This patently ridiculous.
When Gino has been on staff, with continuity and balanced classes, we've basically recruited in the top 10 and hit .300 as a team.
But if this keeps up, he won't be successful.
Gotcha.
The status quo = where we're at right meow. Not where Gino has "basically" been over whatever time frame you want to vaguely step back and look at like an impressionist painting at the primo distance/angle/lighting.
And right now, we're staring 2 straight seasons of sitting at home for postseason play square in the face. The bar for this program is much higher than that, and if Gino keeps things where they are today, we'll see more of the same.
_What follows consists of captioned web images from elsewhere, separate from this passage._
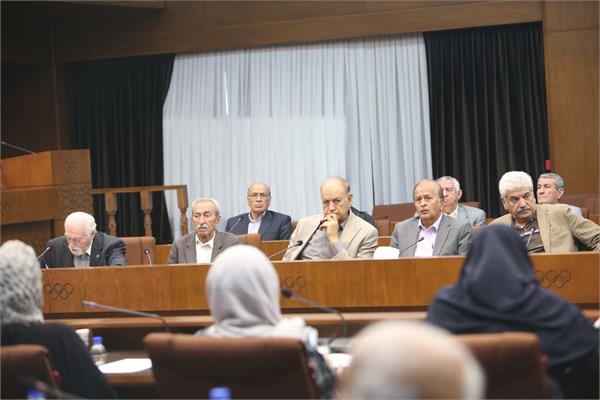 گردهمایی ماهانه پیشکسوتان ورزش (1 آبان 1403) 18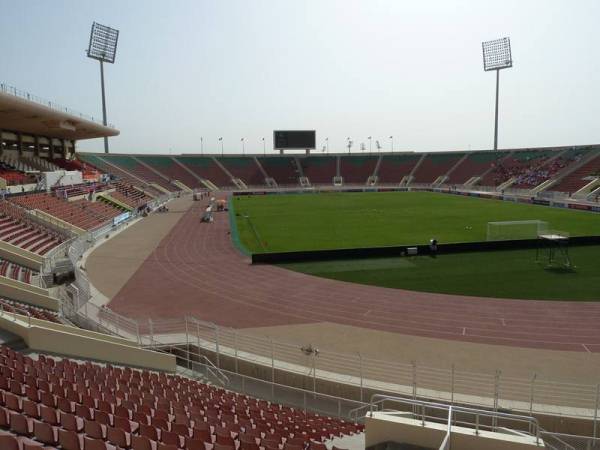 Sultan Qaboos Sport Complex stadium image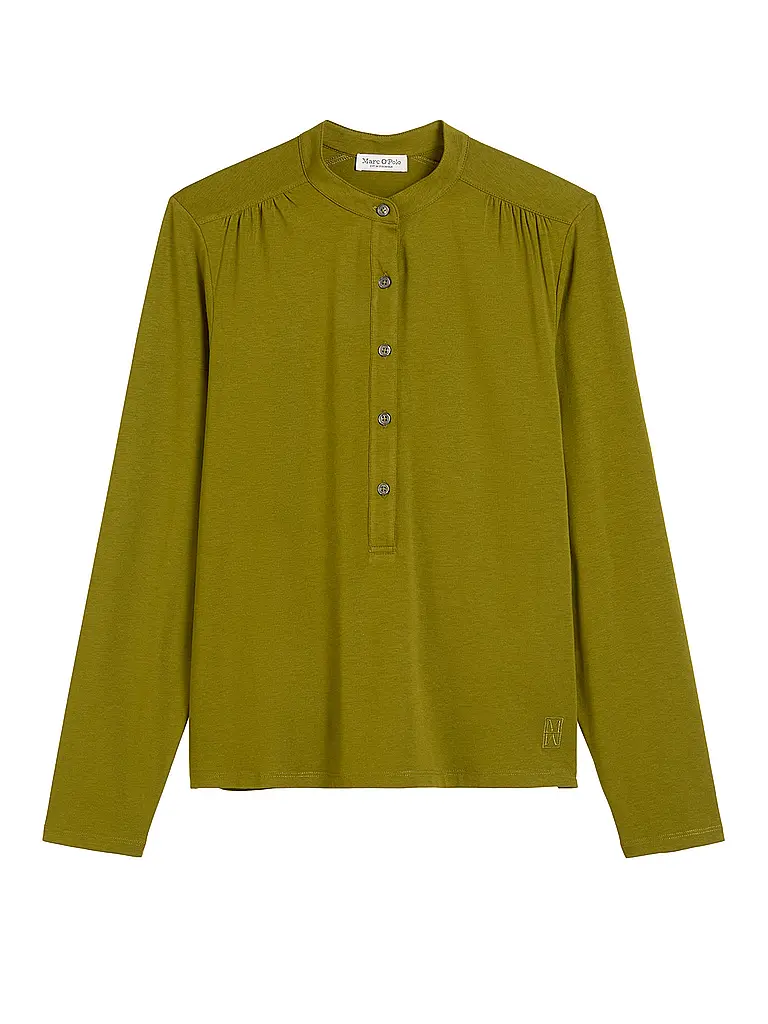 MARC O'POLO | Blouse | Olive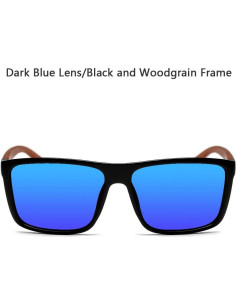 Gafas de Sol Polarizadas TAC Hombre Azul Oscuro 2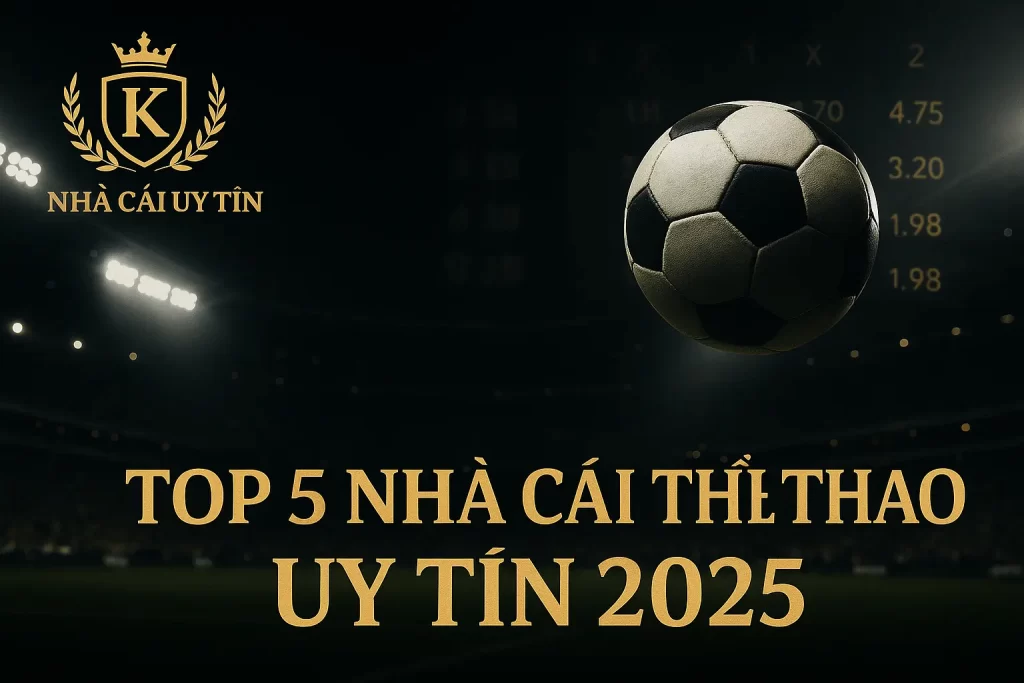 Top 5 nhà cái thể thao uy tín 2025
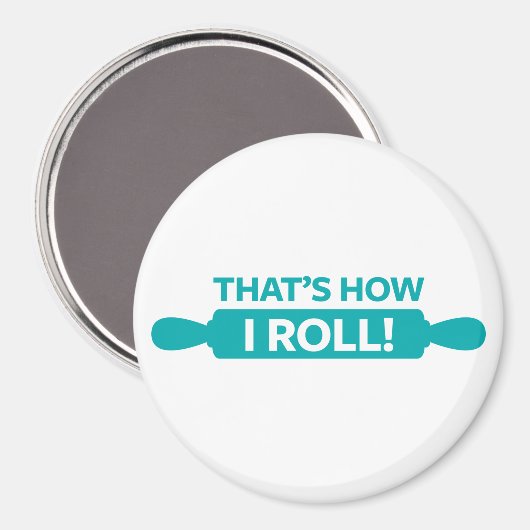 So Roll Magnet (Vorderseite/Rückseite)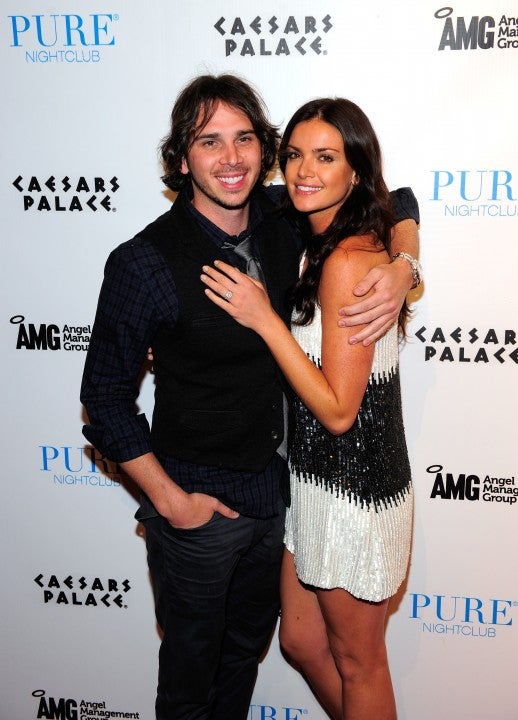 Ben Flajnik and Courtney Robertson in 2012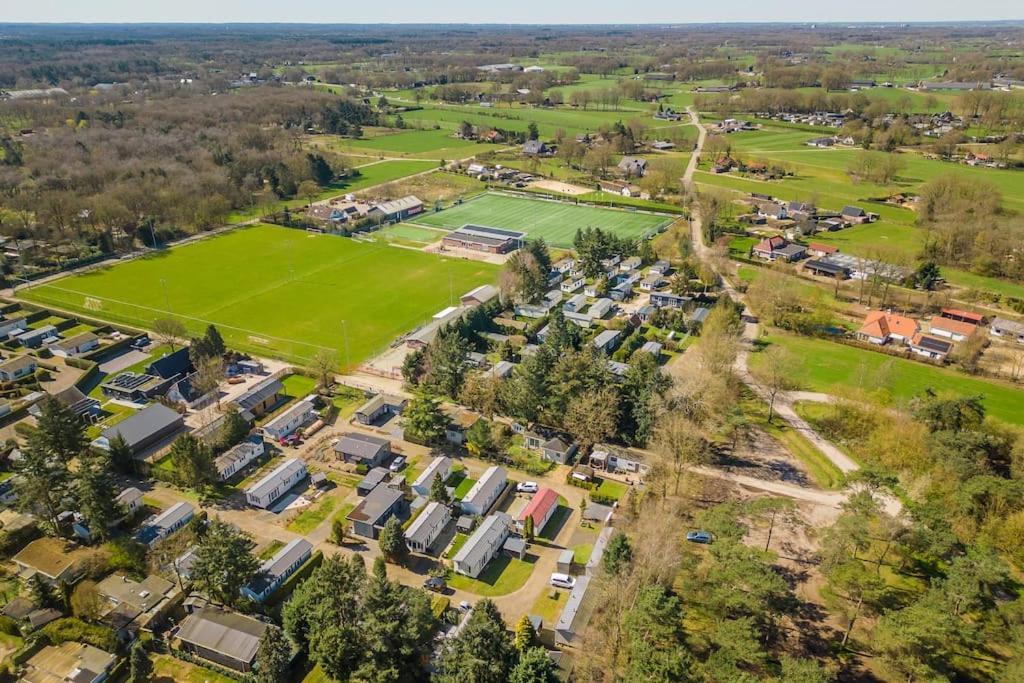 4-Pers. Chalet Met Eigen Parkeerplaats In Veluwe Villa Putten Exterior foto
That's all I'm saying.
What changes have to be made?
We had a back-heavy roster in 2016. The next year we had a bad roster because of it. In 2018, we turned over the roster and started 6 freshmen.
It has nothing to do with nebulous "changes" that need to be made. If pressed, you couldn't even tell us what should be changed.
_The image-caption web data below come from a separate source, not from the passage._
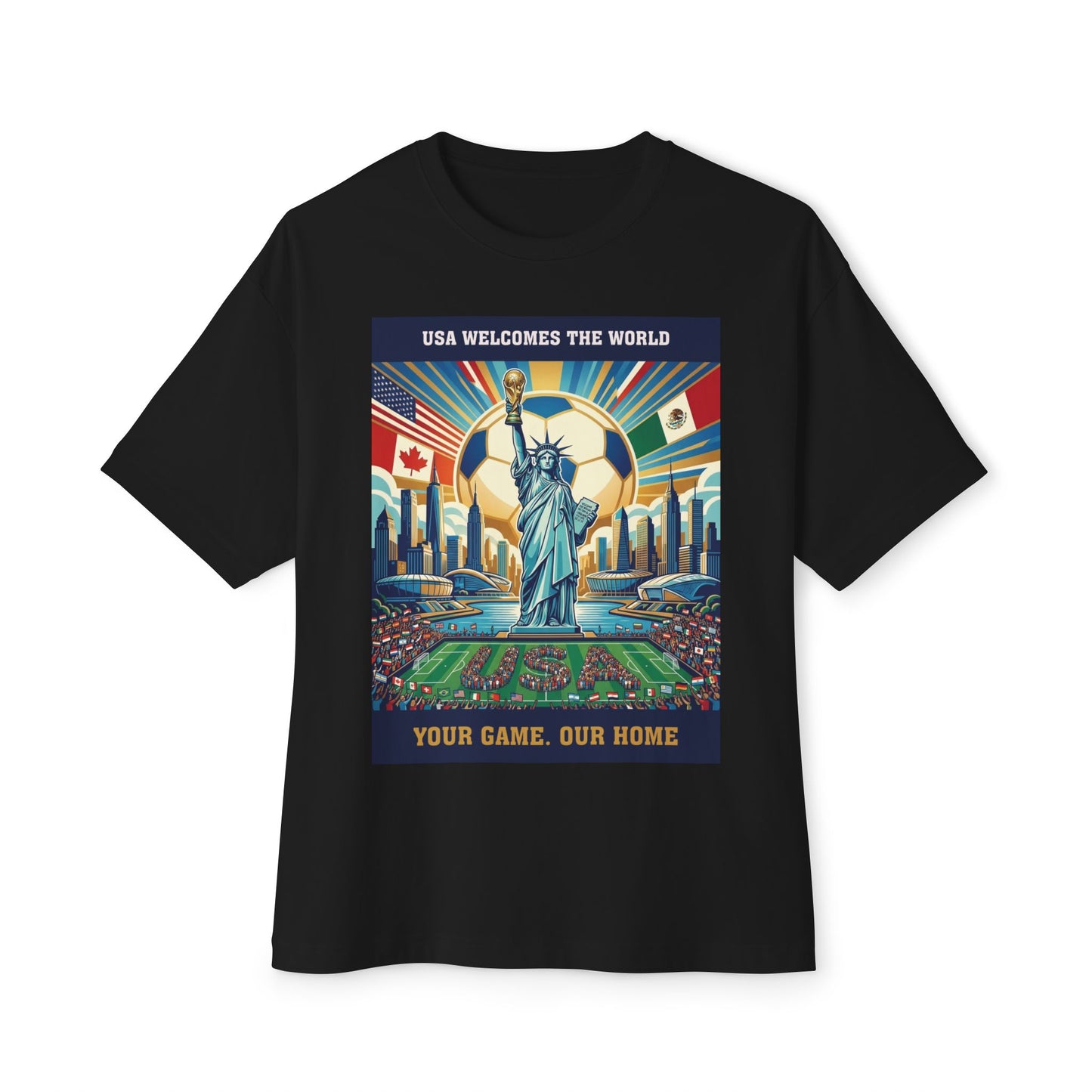World Cup - USA welcomes the World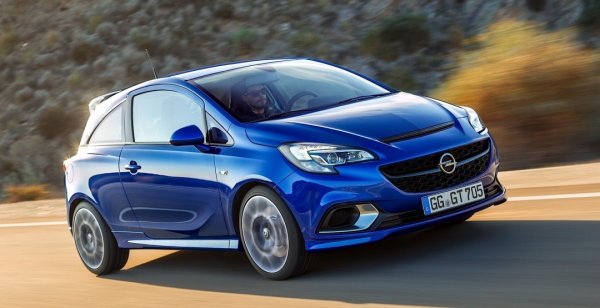 Opel Corsa является лидером испанского авторынка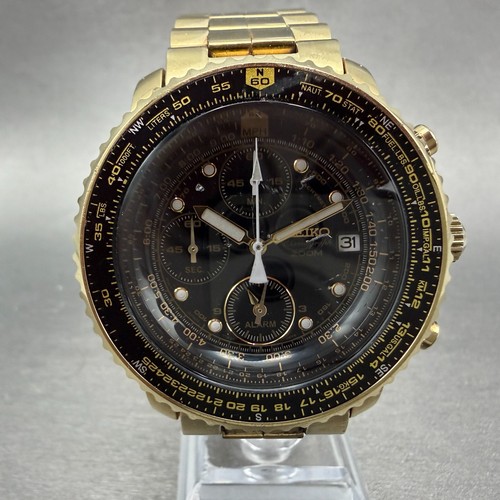 Seiko flightmaster chronograph - flightmaster,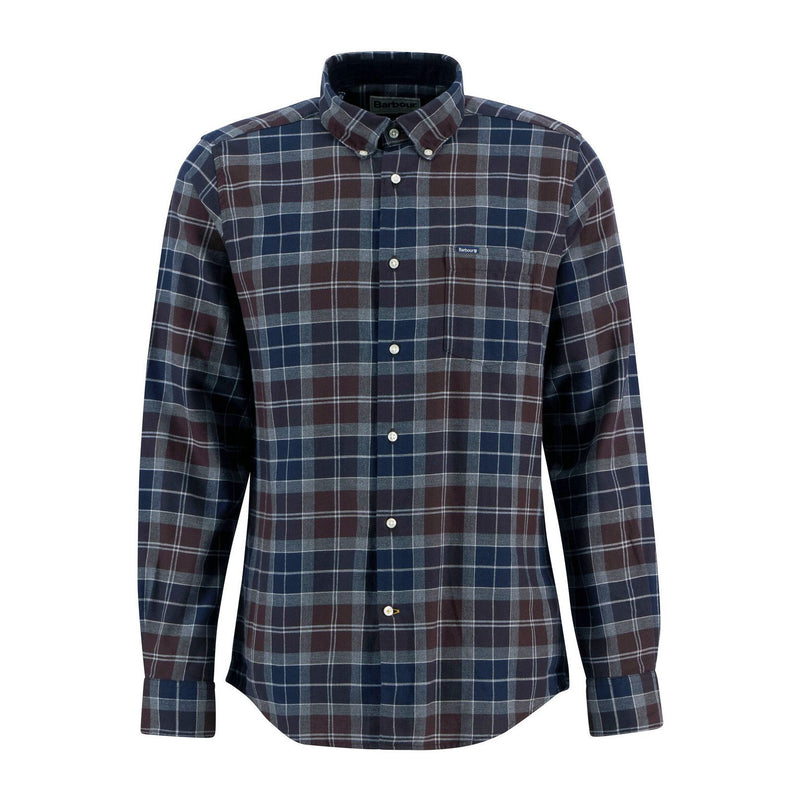 Fortrose Tailored Tartan Shirt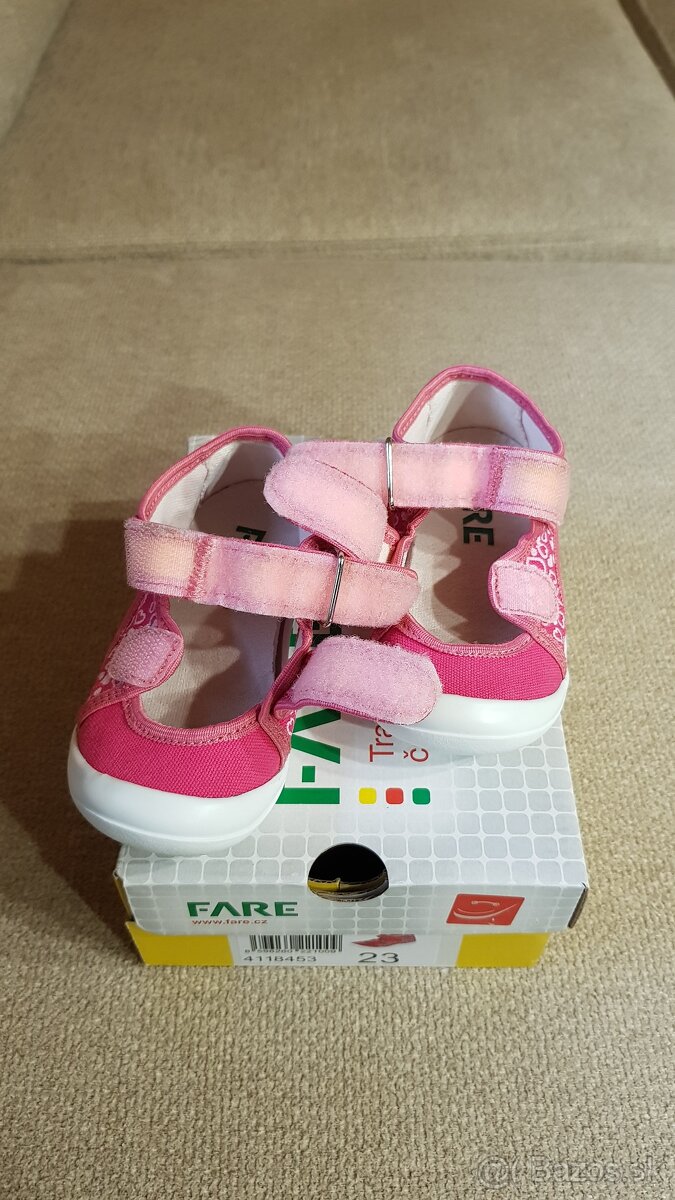 Papuče 23 pre dievča - 7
I have several opinions about what needs to be changed:
1) I agree with the improvements that need to be made to the facilities, and called for the tomato money to cover it. It was announced in the presser introducing Gino that we're doing the improvements, and I'll give benefit of the doubt and say that's coming from the DiMare's. So - step in the right direction, credit where credit's due there. I will say again - I don't think that's the sole reason we've seen struggles (particularly at the plate), but improving the facilities certainly can be helpful.
2) We need a different approach to coaching our hitters. Whether that is more metrics driven (with upgraded facilities), or if it is simply coaching guys to take less pitches and being more aggressive with fastballs...that's up to them to figure out. The current approach ain't cutting it. It needs to be looked at critically by Gino and the staff - he has to take the ego of him being the hitting coach out of it, ask how you as a program can be better and improve. I hope that comes with hiring a good hitting coach with different ideas and approaches.
3) Most importantly - I think we need to find players in recruiting that are more hard-nosed and get the job done no matter how it looks. Our players have dictated our style of play, and our style of play has been soft lately. Give me guys that will hustle, work harder in the postseason to change their bodies and get better, and show some fire on the field. I think we have a few of those on the roster now (like Quinones, Zamora, Escala)...but ditch the pretty boys who are just concerned with how good their swing looks to the MLB scouts when they strike out. Give me a roster full of dirtbags that want to put it all out there and get it done. This is a change in overall mentality and recruiting approach. If you find a guy who checks off those boxes in terms of mentality, and he's talented enough to play at UM - I don't care if PG or other services have him rated low...sign his *** up, and coach him up.
I'm anticipating the comeback here...I'm not saying we stop recruiting the highly ranked players - you have to...it's all an arms race when it comes to recruiting. However, the attitude and mentality has to be more of what we've all liked about every Miami team ever assembled in any sport - us against the world, we're going to go take what's ours. Baseball hasn't had that kind of mentality and heart in a few years. This isn't a tangible, metric-driven change - it's a culture change. The baseball program's culture has degraded a bit. It is still salvageable, but Gino & Co. have to consciously make the decision to fix it. This is where I have my most skepticism as to whether or not Gino will recognize this and fix it. I hope he does.
Those are the changes I want to see...and it's not coming from a place of hatred for Gino or anyone in the program at all. I just want to see this team get back to the prestige that it once was. It's slipping, and Gino has to correct it.